The Third Way, 6: Path 2—Zealotry

fanatic – 1. Person filled with excessive and often misguided enthusiasm for something. 2. excessively enthusiastic.  (Derivation – Latin, fanum – temple)

zealot – 1. An uncompromising or extreme partisan; a fanatic.

Canadian Oxford Compact Dictionary, 2002.

In the post previous to this one, I suggested that the ‘Second Way’ for humanity to go forward is to rediscover zeal and ‘heart’ in contrast to Progressive Materialism’s exclusivist appeal to reason, logic, and science.  I would suggest that the usual negative connotation of the term ‘zeal’ given by the West’s dominant modern, postmodern, post-Christian cultural and social paradigm must be reclaimed.  The denial that ’emotional’ concepts like ‘heart’ and ‘soul’ add nothing to wisdom and knowledge must likewise be rejected.  Emotion in balance with reason is a form of knowledge and a path to wisdom.  The legitimacy of emotional wisdom and knowledge have long been recognized by modern psychology as essential in becoming a healthy whole person.
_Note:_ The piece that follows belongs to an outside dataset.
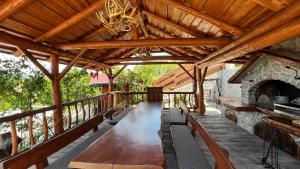 Balkón nebo terasa v ubytování Rustic villa Roza with outdoor pool in Kupjak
In Part 5 we noted that nothing of lasting significance has been done in human history without fervent enthusiasm, dedication, and perseverance—characteristics flowing from the heart and will—areas of the self traditionally assigned to ‘the soul.’  Motivation to see something through to the end cannot come from mere reasoning that ‘it’ is a good and right thing to do.  Striving to move above and beyond what is and what may even be thought possible in any domain cannot occur without the qualities of mind and spirit that zeal imbues.  In other words, anyone who wants to excel, to be the best they can be, to give the best they can give, must be a zealot in the best sense.
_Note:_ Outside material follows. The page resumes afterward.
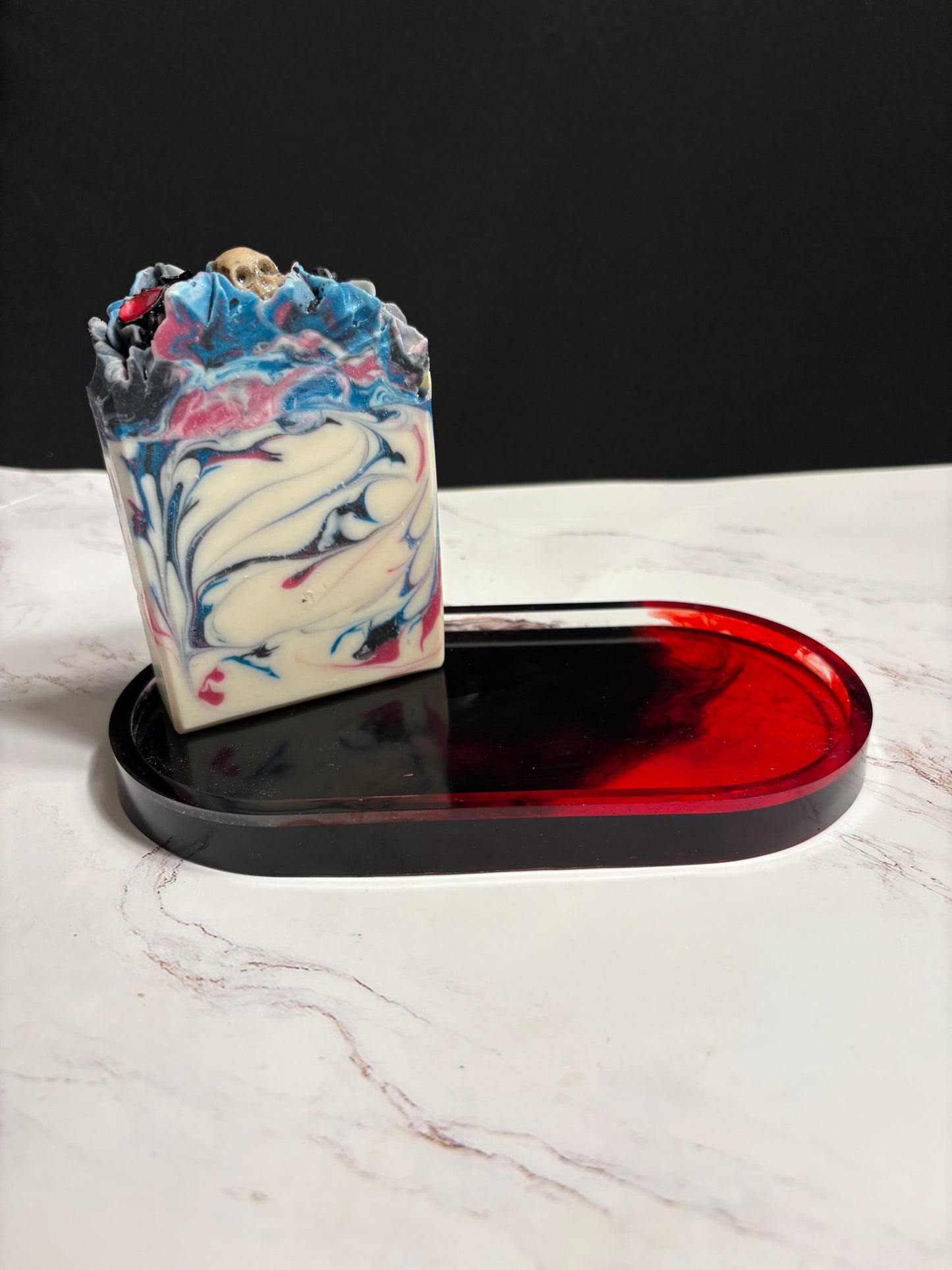 Oval soap tray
The bloody and horrific legacy of the recent past has turned zeal into an almost purely negative concept akin to the despised ‘fanaticism’ for many Western ideologues.  It is only fair to note that the worst atrocities of history—the Holocaust and other horrors of WW2, the Communist massacres in the Soviet Union, China, Kampuchea—were not the work of religious zealots, but twisted people inspired by grossly distorted notions and principles coming from the Enlightenment stream.[i]  We can formulate a long list of extremely negative results from fanaticism and misguided zealotry.  The dictionary calls a fanatic someone “filled with excessive and often misguided enthusiasm for something” and a zealot someone who is “an uncompromising or extreme partisan.”

Even definitions found in dictionaries come from an interpretive perspective.  The key words to question in the above definitions are “excessive,” “misguided,” and “extreme.”  These are value words.  Dictionary editors and composers have a set of values they impose on their work, just as much as any scholar or scientist in any serious discipline.  Is there really any way to measure when enthusiasm has become “excessive” or “misguided,” or when zeal has become “extreme?”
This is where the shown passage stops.